Был один из вечеров, когда Орлова пригласила Ирину Сергеевну Вульф к себе домой, на Бронную, куда она к тому времени переехала. Хотела что-то уточнить или попробовать в роли. Удачной, видимо, оказалась, эта вечерняя репетиция, после которой Орлова предложила бабушке выпить по рюмке коньяку, потом еще по одной. Ощущение легкости и приязни поддерживалось теплым осенним вечером. Когда они встали из-за стола, было совсем поздно, и Орлова предложила проводить Ирину Сергеевну до площади Маяковского — полпути от ее дома до 3-й Тверской-Ямской, где жила Вульф. Не торопясь, они прошли площадь Маяковского, двинулись дальше по улице Горького и оказались возле ресторана «Якорь», невдалеке от дома Ирины Сергеевны, которая не захотела отпустить Любочку одну, и они отправились обратно до Бронной. Потом все повторилось — еще и еще раз, то ли потому, что было не ясно, кто из двоих все же возвращался к себе в одиночестве, кажется, они и до сих пор ходят по ночной Москве своего прошлого, не умея расстаться, забыв, как это делается в земной жизни.
Ирина Сергеевна и предложила дирекции пригласить на роль Норы молодую актрису, запомнившуюся всем по фильму «Дама с собачкой».
Никаких; тайн от Орловой тут не было.
М. Никонову удалось убедить Завадского в том, что Ия Саввина способна стать открытием в этой роли. Это был уникальный директор — Михаил Семенович Никонов, может быть лучший в то время, начала шестидесятых. При нем вернулась в театр Раневская, пришли Терехова, Бероев, Талызина. Это он отстаивал «В дороге» Розова — спектакль, в котором Анисимова-Вульф открыла Москве и Парижу (на гастролях) ни на что не похожее дарование Бортникова.
Дебют Саввиной был волнителен вдвойне: первое появление на профессиональной сцене, причем в роли, которую играла сама Орлова.
Человек, мало-мальски знакомый с внутритеатральными нравами, может представить, какая сложная и часто взрывоопасная смесь вскипает на внутреннем огоньке подобных замещений. Напряженное и хищное выжидание, затаенный ужас неминуемого провала, или почти открыто ликующее его предвидение, не сбывшееся в последний момент. Первая исполнительница не пришла, но ее мастеровитый призрак присутствовал за кулисами.
В тот вечер во Внуково Орлова часто поглядывала на часы. В пятнадцать минут одиннадцатого, смешав карты в очередной раз не сошедшегося пасьянса, она прошла в гостиную, где сидели Александров и Нонна Голикова. Абсолютно ровным голосом сказала: «Григорий Васильевич, пожалуйста позвоните, — передали Саввиной цветы и записку?»

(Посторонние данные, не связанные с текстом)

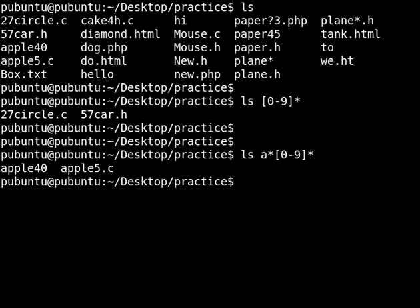Basically, if you understand how these wildcards work, you will be able to see exactly the files that you ask to see and nothing else. If you see something that is not what you asked for, you need to review your wildcards and make sure that you are using the right ones. See you next time.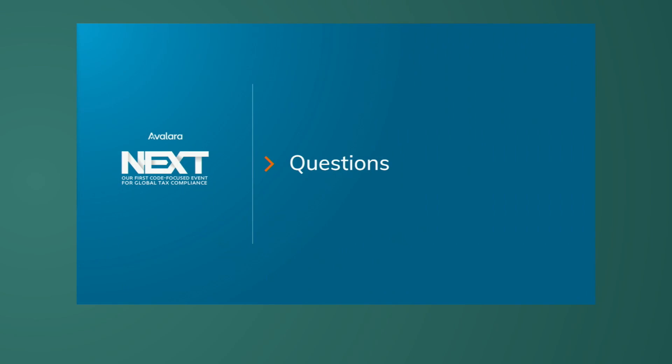That concludes my presentation of exemption management and e-commerce tokens. So, any questions? Thank you.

Поручение было незамедлительно исполнено.
Саввину тогда поздравляли все: Завадский, Анисимова-Вульф, Никонов, артисты и зрители. Играла она, по воспоминаниям многих, блестяще и очень по-своему.

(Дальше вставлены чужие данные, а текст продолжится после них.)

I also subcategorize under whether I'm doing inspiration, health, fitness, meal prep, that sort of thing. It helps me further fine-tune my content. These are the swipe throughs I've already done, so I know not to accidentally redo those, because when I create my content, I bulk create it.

В ее гримерной в тот вечер стоял большой букет роз с короткой поздравительной запиской: «…Норе от Норы».
Это был не только жест эпизодического великодушия.
Орлова знала о проблемах Саввиной с голосом, болезненно хрупким, срывающимся, уже пропадавшем однажды. Как-то, встретив Саввину в театре, она в довольно резких выражениях высказала все, что думает о ее невнимании к своему инструменту. А потом чуть ли не за руку отвела к какому-то редкостному, почти легендарному специалисту по голосовым связкам.
Знала она и что такое положение дебютантки с сильным, самостоятельным характером в театре, где есть Хозяйка. Хозяйка, способная без особых затрат расправиться с кем угодно, невзирая на талант или недавний успех.
Сама она всегда существовала в театре крайне обособленно, сохраняя постоянную дистанцию, словно работала по контракту западного образца.
После спектаклей ее встречал неизменно корректный, никуда не торопящийся Григорий Васильевич: «Вы готовы, Любовь Петровна? Еще нет? Я подожду». И ждал столько, сколько нужно, попыхивая сигарой и ласково беседуя с артистами.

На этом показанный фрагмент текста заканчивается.